Como tudo começou?

Enquanto revia vídeos e fotografias do meu pequeno de 4 anos (hoje com 7), que teima em crescer mais rápido do que eu consigo acompanhar, aproveitei para reler os diários que fiz desde a gravidez aos dias de hoje sobre cada momento (que julguei importante, essa ideia eu tive com a minha sogra que até hoje guarda escritos sobre fofurices do meu marido quando criança) registrado para que as trapaças da memória não as apagassem.


Foi neste caminho de reviver o passado que me descobri saudosa e percebi que precisava compartilhar as lembranças antes que esmaecessem sob a luz do dia a dia. Então, resolvi que postaria para amigos, familiares e outros curiosos do mundo pedaços desta minha vida, e ainda de lambuja deixar para o meu pimpolho histórias sobre ele mesmo para que um dia leia e sinta como foi esta jornada de chegar ao mundo e traçar seus próprios caminhos.


Espero que gostem e se emocionem um pouco, assim como eu ao revisitar minha história, e se entusiasmem para fazer uma visita à história de vocês.
Sejam bem vindos às "histórias sobre meu filho".

quinta-feira, 19 de novembro de 2015

Desconstruindo Miguel

Quando trouxemos Miguel da maternidade e os avós deram no pé assim que o pirralho começou a chorar e mijar, percebemos a enrascada em que havíamos nos metido. Noites em claro, choro sem motivo (será?), peito o tempo todo, Renata com olhos perdidos no infinito, instintos materno e paterno o escambau. Amor incondicional? Pois sim... Ausência de diálogo, sem esse papo de que o olhar diz muito, diz tudo. A palavra e a fala é que nos faz humanos, elas nos permitam compartilhar sentimentos, a forma como experimentamos o mundo, como o interpretamos. Quem não se comunica se trumbica. Miguel não era humano? Não chegaria a tanto, só sei que, numa madrugada, Renata pediu arrego e ligou pra mãe implorando socorro porque não conseguia fazer Miguel parar de chorar e um vulto no andar de cima ficava espiando para tentar descobrir de onde vinha o barulho desesperante. Primeira e única vez, marcante pra sempre.

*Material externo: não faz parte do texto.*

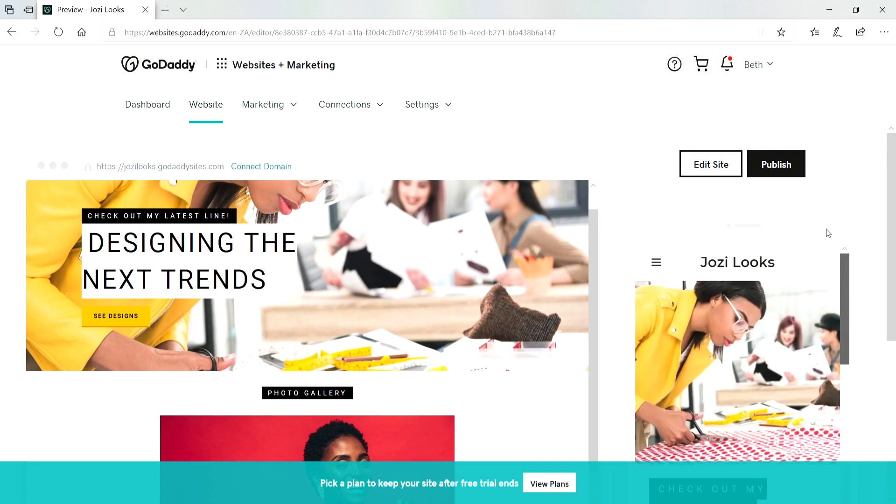Thank you so much for watching guys. If you need more information about customizing your website just go to www.godaddy.co.za and click on the help section. Cheers for now, bye.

Aos poucos, Miguel foi se humanizando. É incrível quando, caminhando na rua, você ouve seu filho ler, pela primeira vez, o letreiro de uma loja ou lê a página de um livro infantil pego na biblioteca da escola. No início, balbuciava alguns sons parecidos com palavras, depois palavras curtas inteiras e, de uma hora para outra, desembestou a falar, falar, falar e, hoje, não me deixa assistir em paz o noticiário da televisão porque o silêncio é um crime. A alfabetização lhe permite andar com os próprios pés, ler o mundo de seu jeito em diálogo com quem o circunda. Seu vocabulário faria corar de vergonha muito marmanjo com curso superior (“papai, eu estava me referindo a...”). É quando começa a fase dos “porquês” e não adianta responder “porque sim” porque “porque sim” não é resposta. E tome discussão e conflito e argumentação e contra-argumentação e cara amarrada porque, no final das contas, quem manda são os pais e se os pais dizem que não pode, não pode. Simples assim. Saudades do choro, que o peito alheio amainava...

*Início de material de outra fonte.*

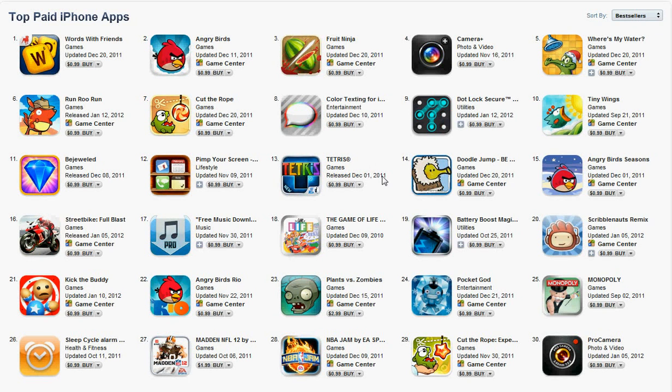Hey guys, what's up? It's Oliver from AppFun on AppleWisdom.com here, and today I just want to show you a really cool feature in iTunes. You don't need to update anything — you can get this right now on iTunes.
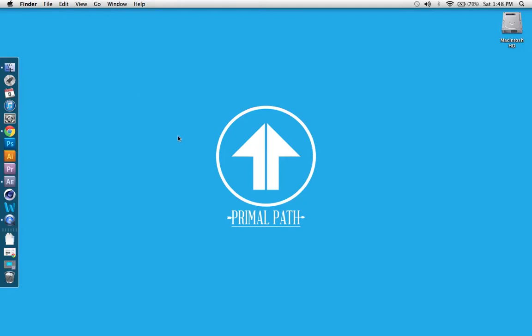What's up guys, it's Sean with another Primal Path tutorial. We're going to talk about making movements that flow, smooth movements in After Effects. And it's a lot easier than it was before.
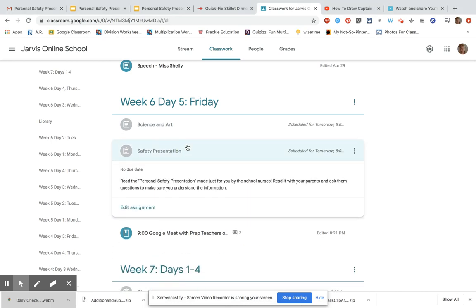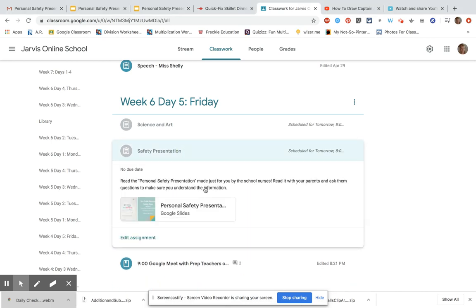Mrs. Austin has sent the safety presentation. She has asked all third graders to look it over. So this is for you to look over with your parents. Read the presentation together and make sure your parents help you understand the information.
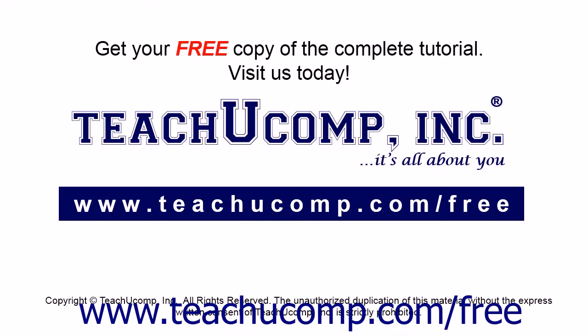Get your free copy of the complete tutorial at www.teachucomp.com/free.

Sentados à frente da televisão, assistimos desalentados os desdobramentos do massacre ocorrido numa casa de espetáculos de Paris. O repórter fala de terroristas e Miguel pergunta o que são terroristas. Explicamos que são pessoas ruins que causam terror, medo, dor naqueles que pensam diferente deles, geralmente matando. Ele pergunta se teve gente que conseguiu fugir antes de ser morta ou se conseguir se esconder dos alucinados.  Explicar o significado de uma palavra não parece tão complicado, pior é ter de ajudar a entender imagens que vê.

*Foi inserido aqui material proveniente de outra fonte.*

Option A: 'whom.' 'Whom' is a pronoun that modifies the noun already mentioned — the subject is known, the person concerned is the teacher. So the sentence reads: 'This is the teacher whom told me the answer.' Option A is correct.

Certa vez, Miguel pergunta por que todos os bandidos são pretos (ou teria dito “negros”?). Perguntamos de onde ele tirou essa ideia, e ele responde que é o que vê na televisão. Temos que explicar que nem todo bandido é preto (ou seria “negro”?), que tem muito bandido de pele clara que não aparece no noticiário ou que, mesmo aparecendo no noticiário, não é apresentado como bandido.Sua percepção de que o crime ou o abandono tem a cor negra se repete quando, através da janela do táxi, vê um menino de rua cheirando cola. Renata me contou que, em outra oportunidade, Miguel disse que não gostaria de ter nascido preto porque os pretos são invisíveis. Socialmente invisíveis, acrescentaria eu, sem tirar sua sagacidade e perspicácia. Ele percebeu que, apesar de existirem fisicamente, indivíduos de pele escura, sobretudo aqueles que vagam pelas ruas do Rio de Janeiro, não existem para quem passa por eles, não são reconhecidos como parte da mesma sociedade, como um “outro significativo”.

Nosso dever é desconstruir estas percepções, ajuda-lo a reinterpreta-las, combater estereótipos, preconceitos, fundamentalismos de qualquer tipo. Dá trabalho, mas, se não fizermos nada, quem o fará? 

OBS: Este post é do papai para o Miguel.